***** INPUT RECORDS

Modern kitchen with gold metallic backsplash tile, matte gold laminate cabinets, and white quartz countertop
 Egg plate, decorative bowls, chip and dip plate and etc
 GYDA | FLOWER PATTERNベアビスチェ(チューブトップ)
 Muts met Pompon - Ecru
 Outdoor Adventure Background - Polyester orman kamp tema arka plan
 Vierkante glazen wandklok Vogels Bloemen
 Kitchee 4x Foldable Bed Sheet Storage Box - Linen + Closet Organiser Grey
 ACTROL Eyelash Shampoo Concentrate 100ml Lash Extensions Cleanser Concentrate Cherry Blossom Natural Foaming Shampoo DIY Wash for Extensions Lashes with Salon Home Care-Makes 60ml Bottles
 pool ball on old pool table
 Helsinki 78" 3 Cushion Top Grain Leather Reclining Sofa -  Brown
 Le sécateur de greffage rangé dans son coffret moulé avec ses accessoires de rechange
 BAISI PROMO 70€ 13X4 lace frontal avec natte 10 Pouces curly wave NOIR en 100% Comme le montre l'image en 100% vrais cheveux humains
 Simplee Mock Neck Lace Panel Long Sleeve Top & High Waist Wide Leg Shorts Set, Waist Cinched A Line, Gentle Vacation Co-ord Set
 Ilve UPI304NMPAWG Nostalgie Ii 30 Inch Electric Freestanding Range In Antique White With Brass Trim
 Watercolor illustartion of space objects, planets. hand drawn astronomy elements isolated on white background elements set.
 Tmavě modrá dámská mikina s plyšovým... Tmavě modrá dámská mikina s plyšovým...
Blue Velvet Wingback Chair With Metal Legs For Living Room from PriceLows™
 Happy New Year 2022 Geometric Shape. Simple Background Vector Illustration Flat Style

**********

#### TASK INSTRUCTIONS
What you give back should be only the lines of the records above, starting at the line with "Le sécateur de" and ending at the line with "Ilve UPI304NMPAWG Nostalgie", restated word for word.

#### ANSWER
 Le sécateur de greffage rangé dans son coffret moulé avec ses accessoires de rechange
 BAISI PROMO 70€ 13X4 lace frontal avec natte 10 Pouces curly wave NOIR en 100% Comme le montre l'image en 100% vrais cheveux humains
 Simplee Mock Neck Lace Panel Long Sleeve Top & High Waist Wide Leg Shorts Set, Waist Cinched A Line, Gentle Vacation Co-ord Set
 Ilve UPI304NMPAWG Nostalgie Ii 30 Inch Electric Freestanding Range In Antique White With Brass Trim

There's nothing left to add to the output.